In 1622 Carew’s first poem was published. It was verses prefixed to Thomas May’s comedy “The Heir”. He was greatly influenced by Dr. John Donne and Italian poet Giambattista Marino. His society verses such as “A Divine Mistress” and “Disdain Returned” claimed the prize for the outstanding use of wit. He was not a prolific writer, but whatever he composed it was of great value and he cared a lot in shaping each piece of art of work. His one of the best comedies “Coelum Britannicum” was performed in front of king that was full of jokes and allusions.

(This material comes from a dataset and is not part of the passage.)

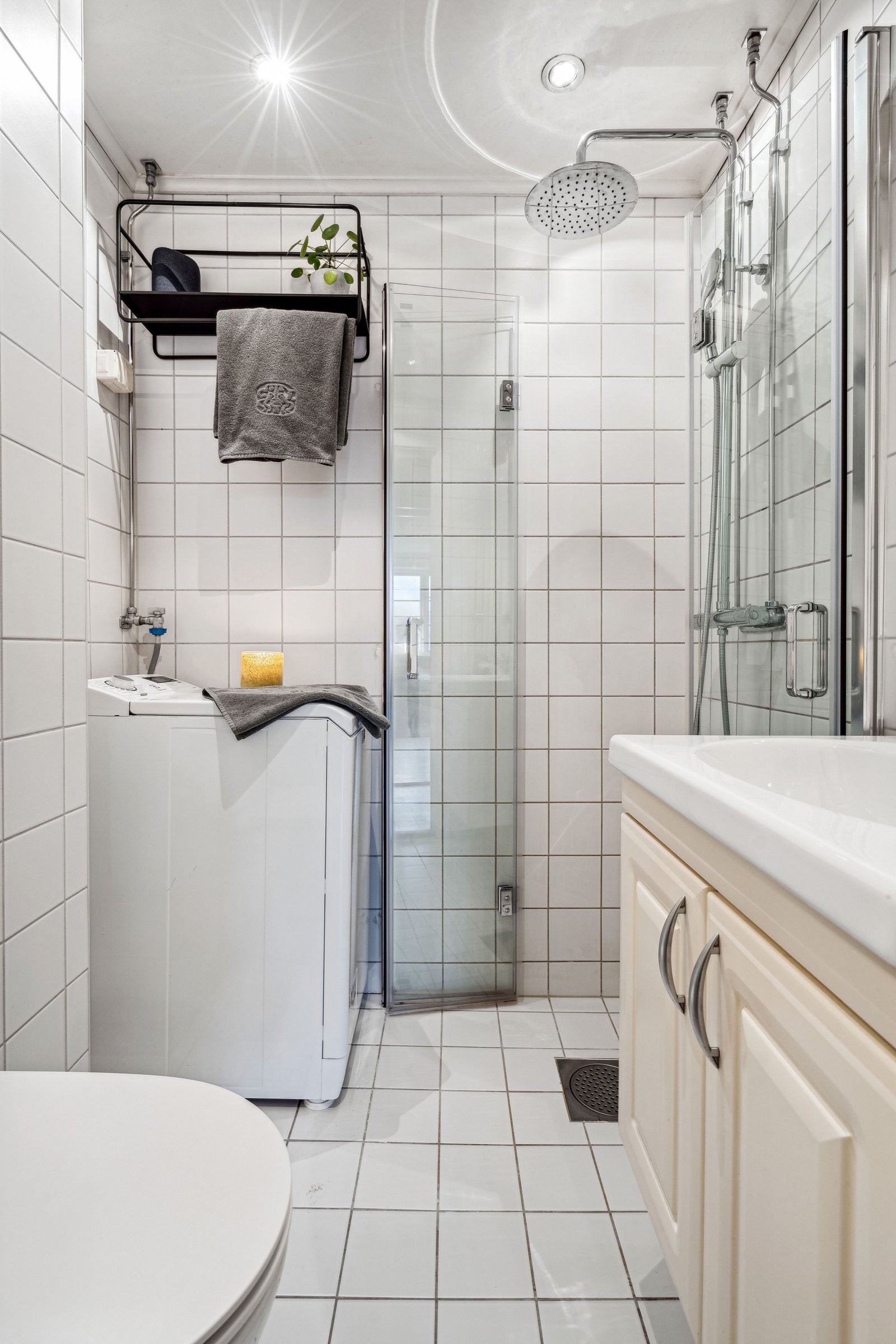 Pent flislagt bad med innredning fra 2020, levert av Comfort Storo. Baderommet ble pusset opp i 2007 i regi av borettslaget. Galleribilde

Most of Carew‘s poetry dealt with sexuality irrespective of his age and the norms of his era. In fact, he is a libertine who was freethinking in religious matters and took no notice in moral values. Despite being a libertine, he translated nine psalms and dedicated one finest elegy of the period; ‘An Elegy on the death of Dean of St. Paul’s Dr. John Donne’ to Donne. It is all about the great contribution made by Dr. Donne to the English literature. He is best known for his amorous lyrics and courtly poems such as ‘Ask me no more where Jove bestows’ and ‘He that loves a Rosy Cheeks’. His one of erotic poems is “A Rapture”.
He never got recognition and fame like that of John Donne and Ben Johnson but he was one of the finest and elegant writer of that period who had own style in the cavalier school of poetry. His collection of poetry was published posthumously.